So, what style of yoga do I teach? It depends. I always have a lesson plan, but adapt it according to who turns up and how we’re all feeling. Sometimes we work really slowly, sometimes more dynamically. Sometimes we have a very precise class, but sometimes we’re more mellow and we just go with the flow, literally and metaphorically. Sometimes, the age of my students on the night means it’s accidentally an over-50s session. Other times the boiler is playing up and we inadvertently have a session of hot yoga.
I don’t want or need a label on my classes. What you get is ‘Julia’s yoga’, whatever that is.
Saturday, 23 April 2016
Another friend (Elizabeth, for the sake of argument) is going through some tough times and I have been trying to find a way to help her, beyond offering a nonjudgemental ear and a hug. It occured to me that Carol could have just the resources that Elizabeth might benefit from. Strange, then, that Carol should walk back in to my life today - literally. I saw her walking towards me in the street.
I'm not a fanciful woman. I'm quite prepared to think that this was just a coincidence. It might even be that I'd seen Carol at the start of the week, but only registered it on a subconscious level. That would explain why I'd been thinking about her. Even so, odd that she should appear just when I needed her.
Wednesday, 6 April 2016
I mean no disrespect, of course, but I wonder about the sincerity of those pure-bred Brits who build shrines to Hindu deities, sport a bindi and favour a flowing robe. Isn't it just a bit - you know - pretentious?
Thursday, 18 February 2016
Are you a planner or a spontaneous person?
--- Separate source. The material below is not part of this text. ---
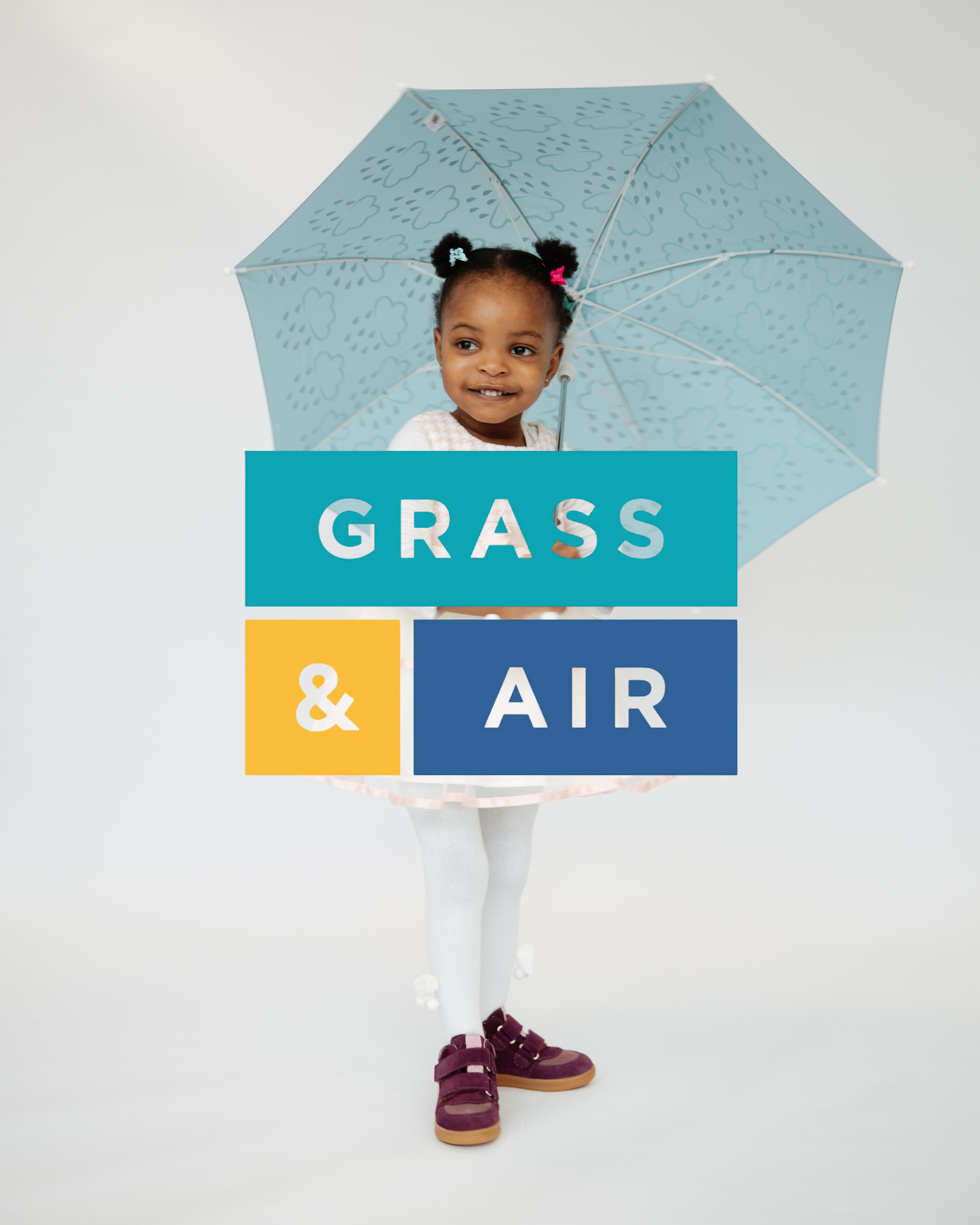 Young girl holding a light blue rain umbrella wearing burgundy Grass & Air children's shoes and white tights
Do you like to know what's coming or enjoy the thrill of the unknown?
Anyone who is even a passing acquaintance will know that I'm a bit of a control freak: OK, I'm bossy. I can't help it - and if you think I'm bad now you should have seen me before yoga worked its magic. I do try to live in the moment, honestly I do, but sometimes I really need to have all the details to hand before I can decide what to do next.
When it comes to lesson planning, I'm still following the template that I developed when I did my training. I'm no longer writing a word-by-word script, but I always have not just the topic but also the basics of the sequence written down before my lessons. I'll admit that sometimes I run out of time and have to resort to something handwritten, but even then it's pretty solid. That's not to say I don't vary the session in response to the mood and requirements of my students, but I'm always in control of where we're going.
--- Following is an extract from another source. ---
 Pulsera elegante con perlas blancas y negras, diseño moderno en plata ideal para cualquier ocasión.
I have been following a Face Book conversation about the joys of teaching without the safety net of a lesson plan. There are apparently some people who turn up with a theme in mind and then wing it. Rather them than me!
Monday, 1 February 2016
35: And do thy duty, even if it be humble, rather than another's, even if it be great. To die in one's duty is life: to live in another's is death.
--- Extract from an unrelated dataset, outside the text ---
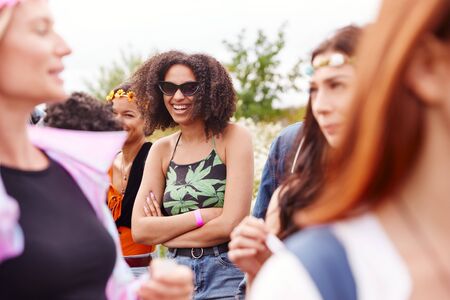 Group Of Young Friends Waiting Behind In Queue At Entrance To Music Festival Siteの写真素材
Many's the time I turn in for bed with the thought that I've had a day of many hats: I've been yoga teacher, copy writer, music student, friend, wife, mother, head cook and bottle washer. This variety is what I love most about my life. I'm lucky enough to earn a living doing what I enjoy and I have a lot of freedom about how I do it. Does that mean I'm leading an authentic life? I'm not sure: I still have moments when I catch myself thinking 'I don't want to be doing this'; but if we're going to be involved in society, surely sometimes we just have to grit our teeth and get on with stuff for the sake of the greater good.